Tagli? Prima i finanziamenti ai partiti

Quando un gruppo sociale, soprattutto se piccolo, finisce per essere screditato di fronte all'opinione pubblica, in genere è colpa sua. È forse per questo complesso di colpa che la sua autodifesa finisce per essere clamorosamente controproducente. L'esempio più famoso è quello delle brioches di Maria Antonietta.
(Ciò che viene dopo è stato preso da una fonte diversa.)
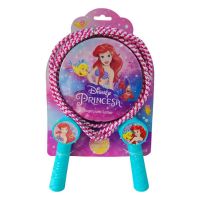 SOGA PARA SALTAR PRINCESA 2812(54798)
Così la reazione di Alessandra Mussolini «Se ci volete levare il vitalizio ci costringete al suicidio» è inevitabilmente destinata a scatenare reazioni da Colosseo anche nei più miti.
A volte però i Saint-Just non sono all'altezza e questo sembra essere uno dei casi . C'è un macigno evidente sui costi della politica che è il finanziamento pubblico dei partiti, tornato in essere, con l'ipocrita e falsa denominazione di "rimborso elettorale", malgrado l'abrogazione avvenuta grazie a un referendum radicale votato plebiscitariamente. Il sistema del denaro cash versato alle segreterie dei partiti, al contrario di quanto prevedeva chi negli anni '70 lo volle la legge dello Stato, non ha fermato la corruzione - che è esponenzialmente aumentata - accelerando piuttosto un processo di ripulsa qualunquista verso le istituzioni che i più saggi, come Rino Formica, descrivono da anni impietosamente. Ci vorrebbe davvero uno "scatto", non di algidi tecnici, ma del meglio del ceto politico. Perché solo da una mossa del genere, l'abrogazione del finanziamento ai partiti - e non ai giornali che mettono in circolo idee - si può provare a fermare una pericolosa deriva.